**WHAT THE EXERCISE ASKS:** Starting at the line that contains "Dormitori de Casa" and stopping at the line that contains "New 2025 high-end", restate each line of the records below exactly. Omit the pictures.

################

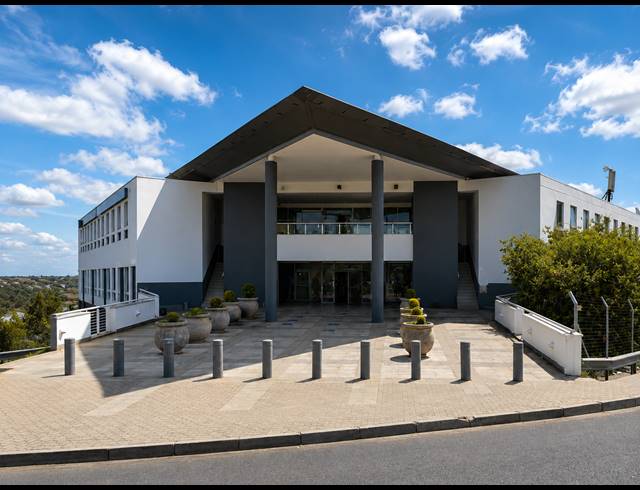 2,194M² RETAIL TO LET IN LONEHILL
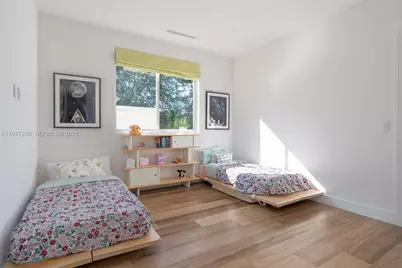 2977 Bridgeport Ave, Miami, FL 33133 - Photo 24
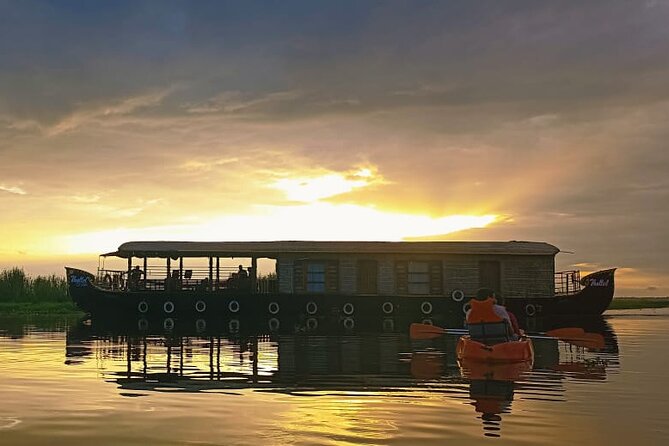 Sunset Cruise with Village Life and Local Food - Your about-three-hours canoe cruise: wildlife, fishermen, and quiet water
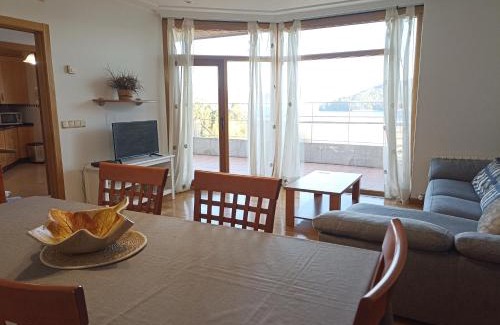Chancelas House | Chalet en Combarro a pie de playa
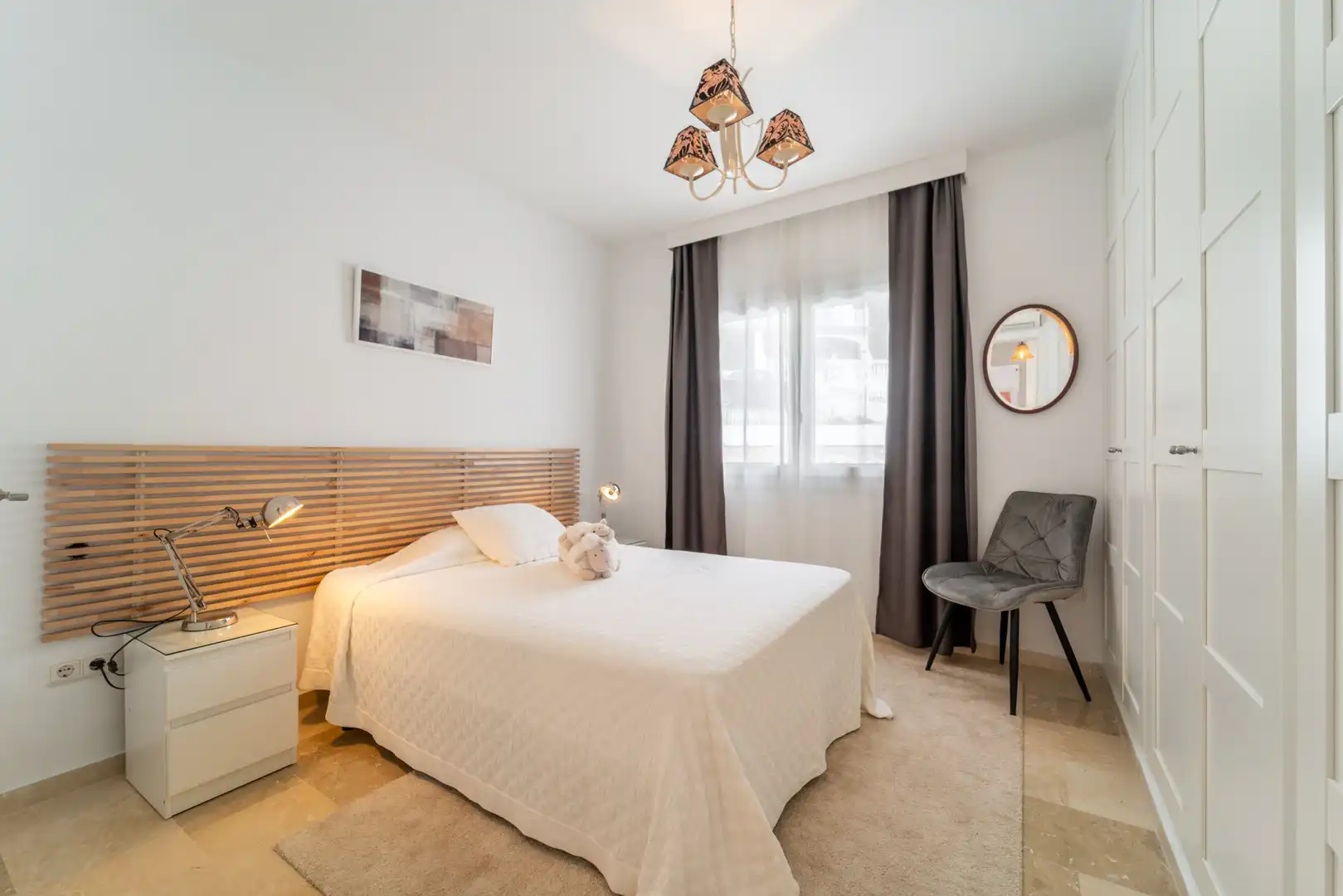 Dormitori de Casa o xalet en venda en Mijas amb Aire condicionat, Jardí privat i Terrassa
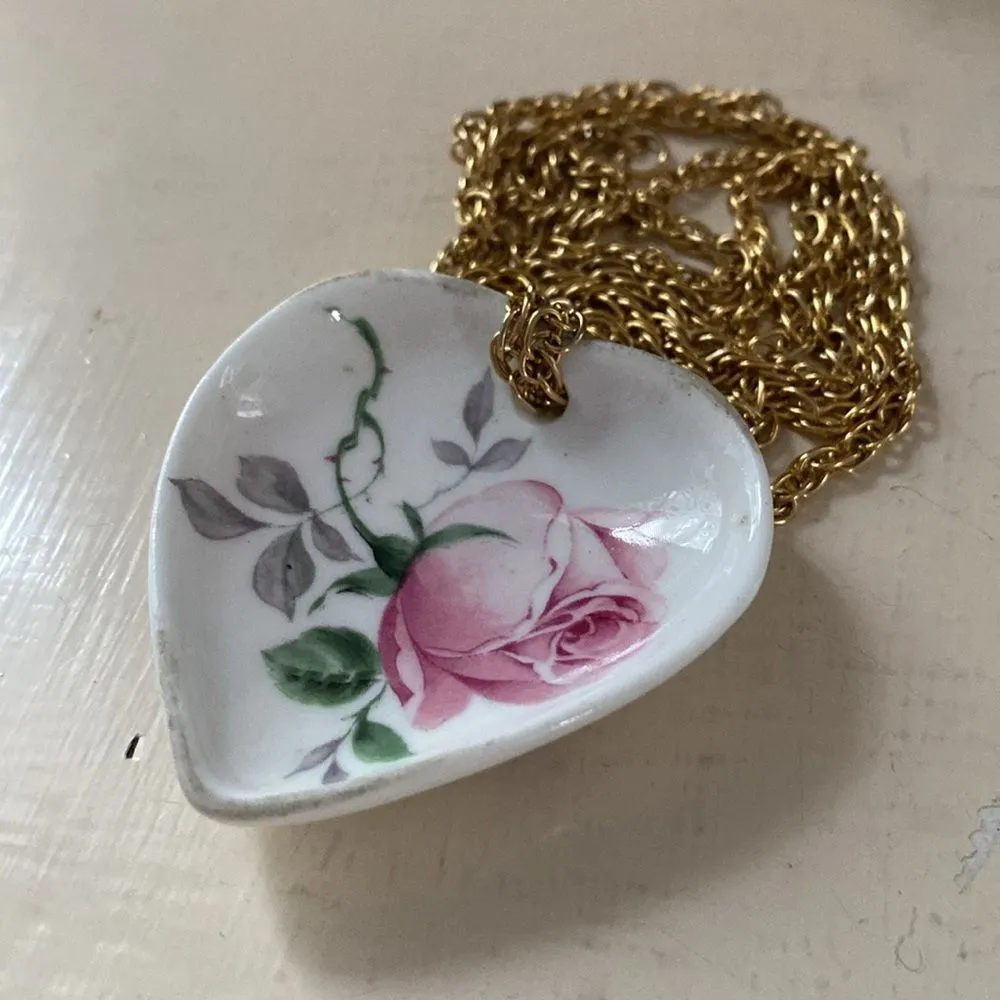 Vintage trinket bowl turned necklace. Gold - Image 2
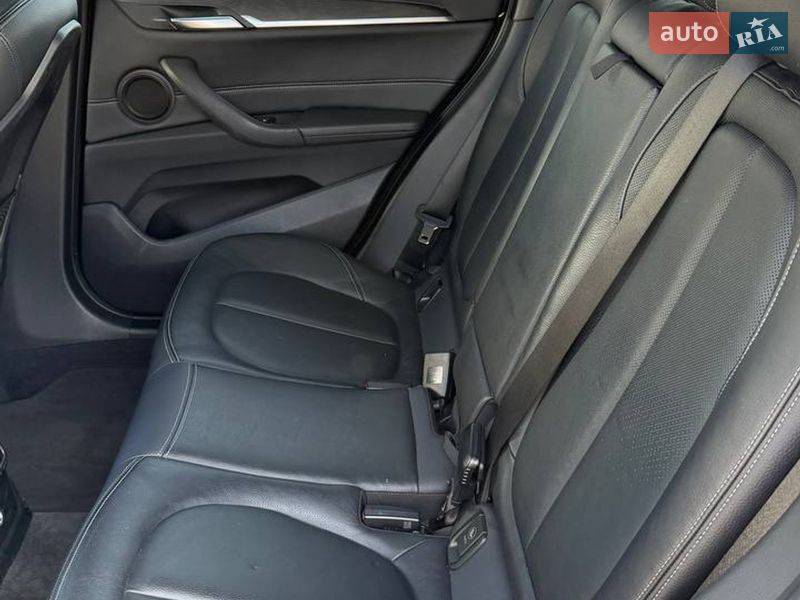 Внедорожник / Кроссовер BMW X1 2016 в Сарнах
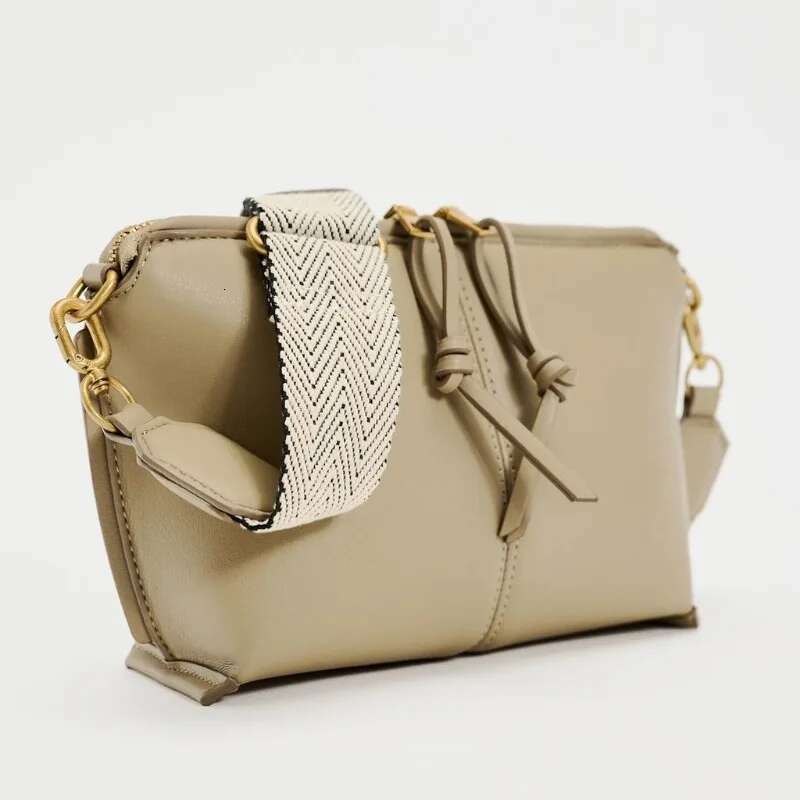 New 2025 high-end small crossbody new women's simple and versatile fashionable shoulder bag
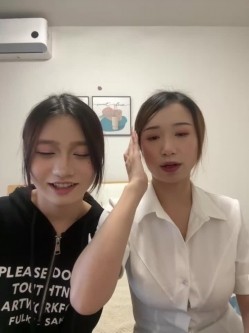 ️清纯主播【202509yoyo】表姐带着表妹下海直播、在线教口活、练习做爱姿势 截图2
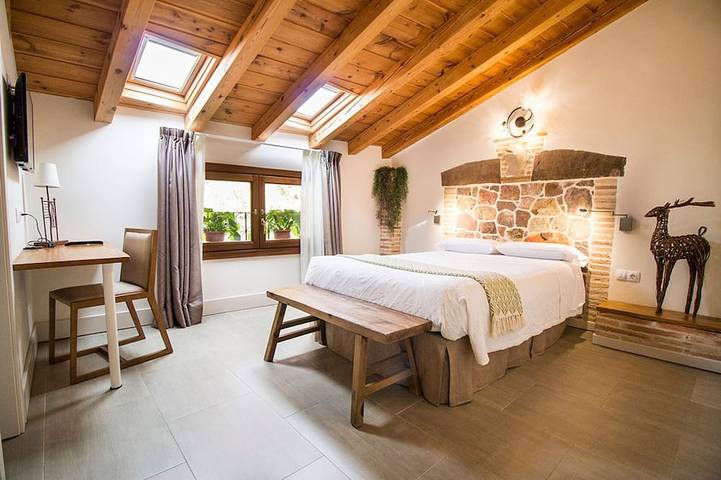 Apartamento entero, Atico \"El Patio de la Morera Ii\" in El Rasillo de Cameros, Sierra de Moncalvillo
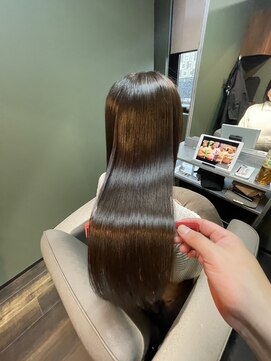 イム 博多 祇園(im) 艶髪ロング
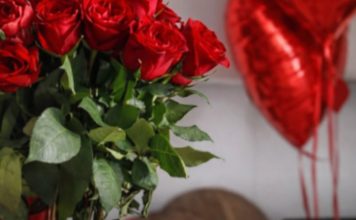 Cvijeće u vazi neće uvenuti mjesec dana!-Cvjećarka otkrila trik koji koristi za svježinu Cvijeće u vazi neće uvenuti mjesec dana!-Cvjećarka otkrila trik koji koristi za svježinu - featured image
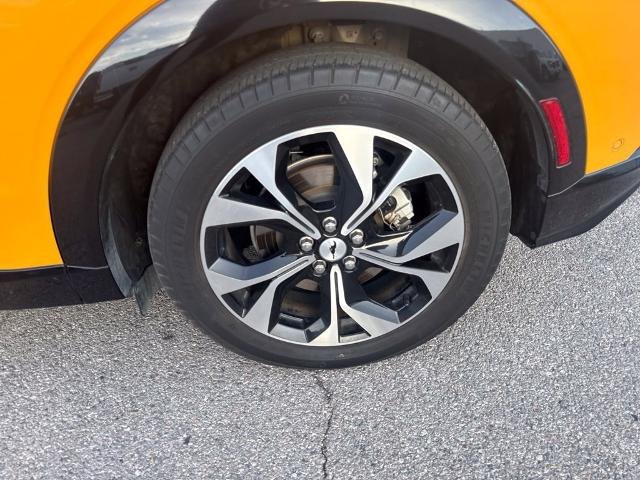 Used 2023 Orange Metallic Ford  image 17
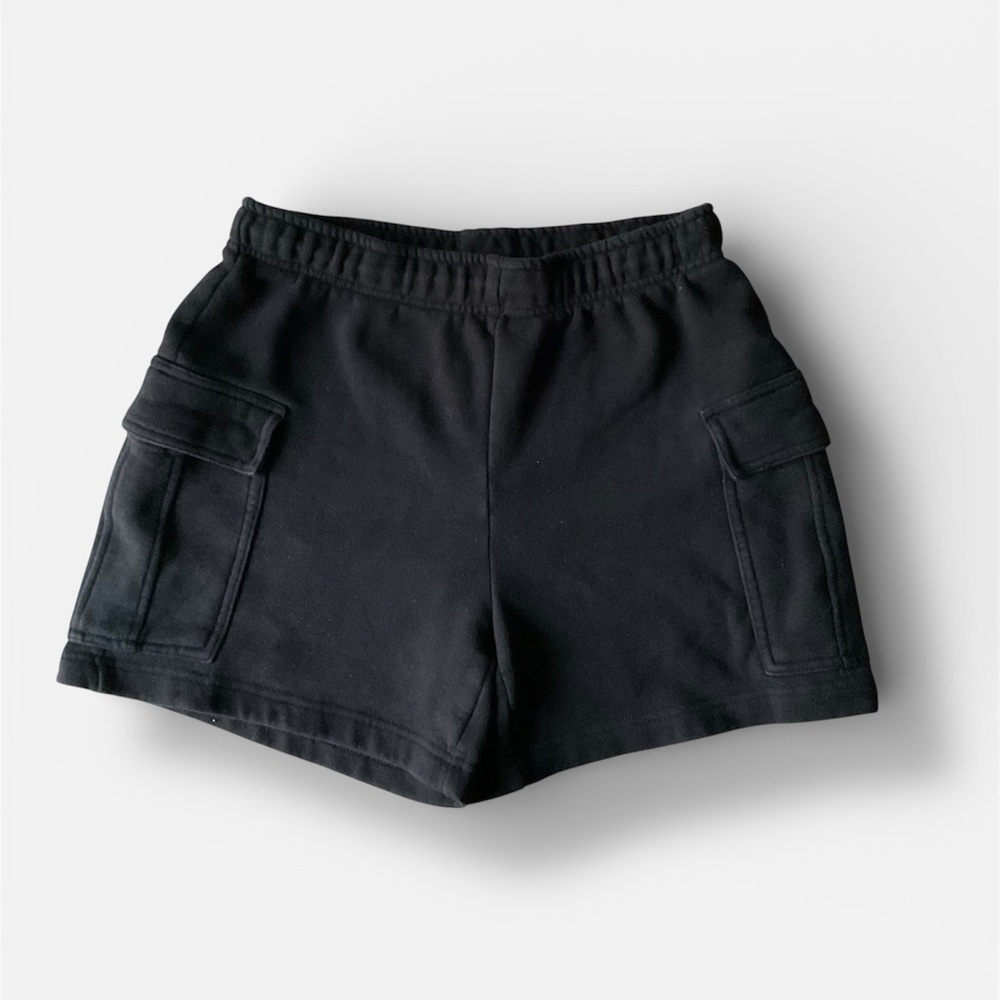Aritzia TNA Terry Fleece Mega Cargo 5" Sweatshort women’s shorts Sz Small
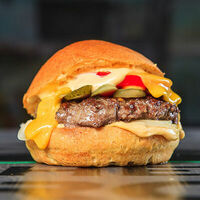 Чизбургер в Chef Burger Bar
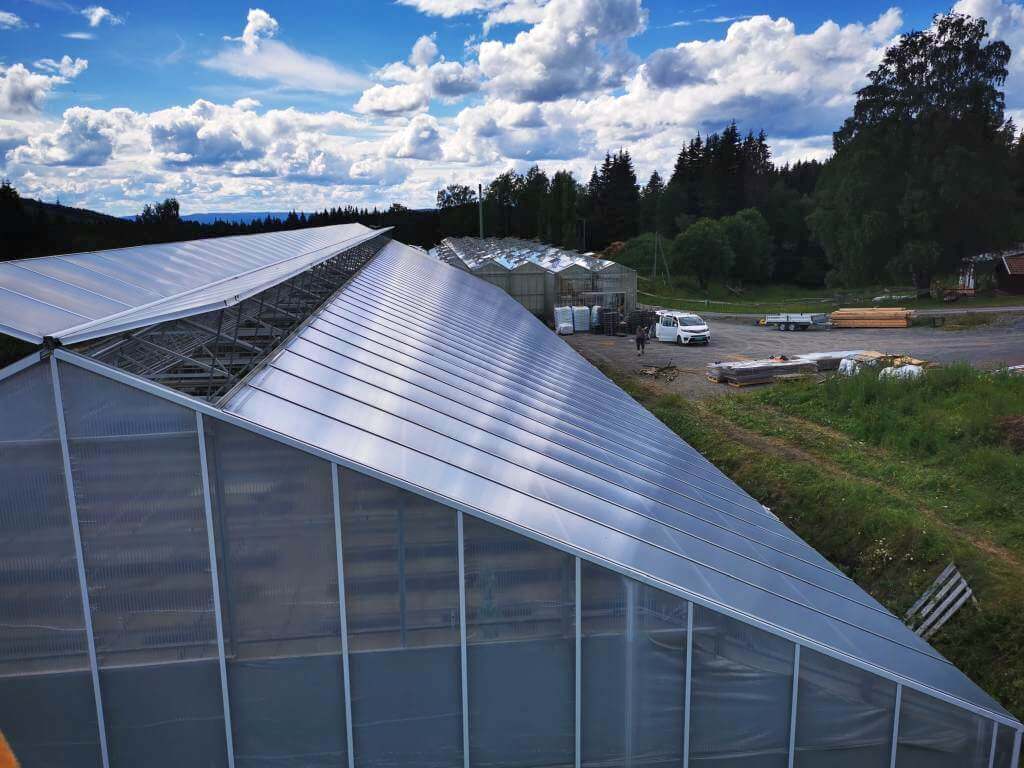 Polycarbonate greenhouse roof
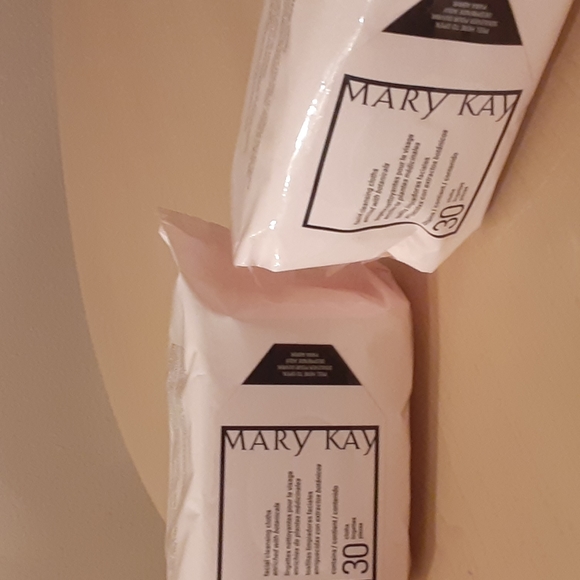 Mary Kay Skincare 2 Pk Mary Kay Discontinued Sealed Cleansing Cloths Poshmark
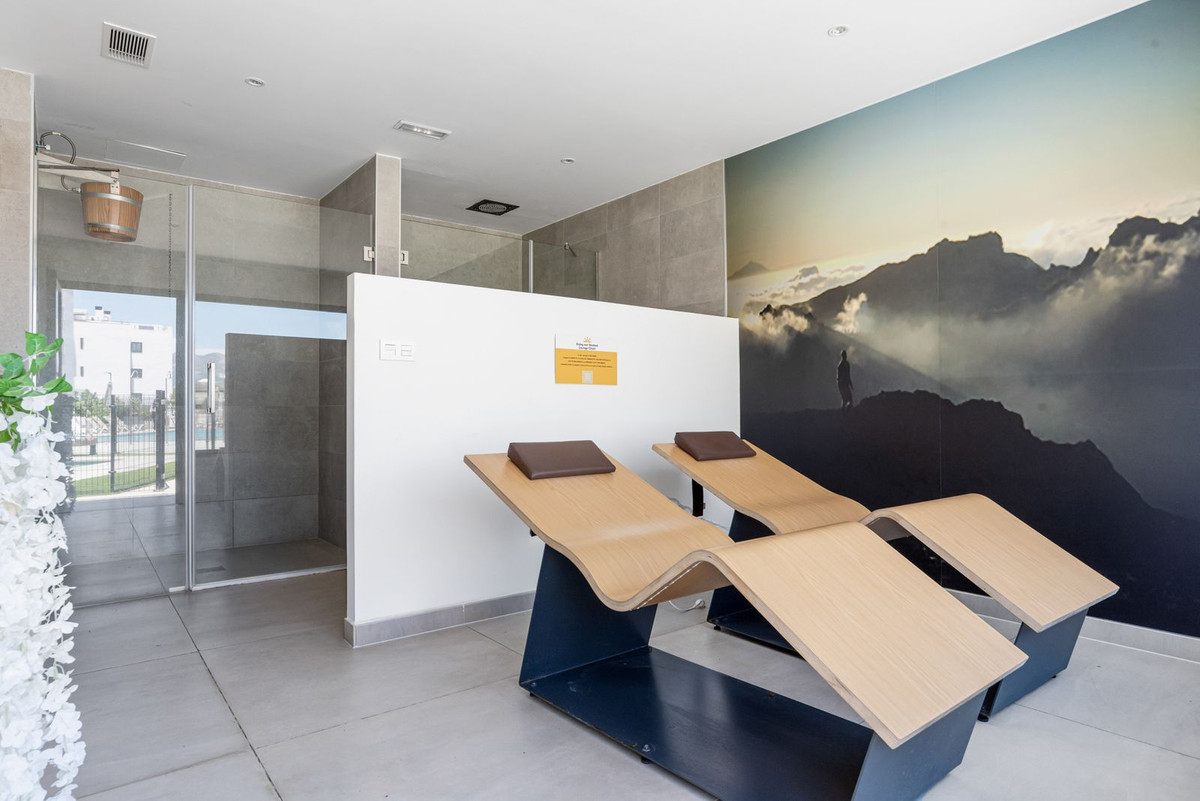 2 Bedroom Apartment in Mijas - Photo 27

################

**SOLUTION BELOW:**
 Dormitori de Casa o xalet en venda en Mijas amb Aire condicionat, Jardí privat i Terrassa
 Vintage trinket bowl turned necklace. Gold - Image 2
 Внедорожник / Кроссовер BMW X1 2016 в Сарнах
 New 2025 high-end small crossbody new women's simple and versatile fashionable shoulder bag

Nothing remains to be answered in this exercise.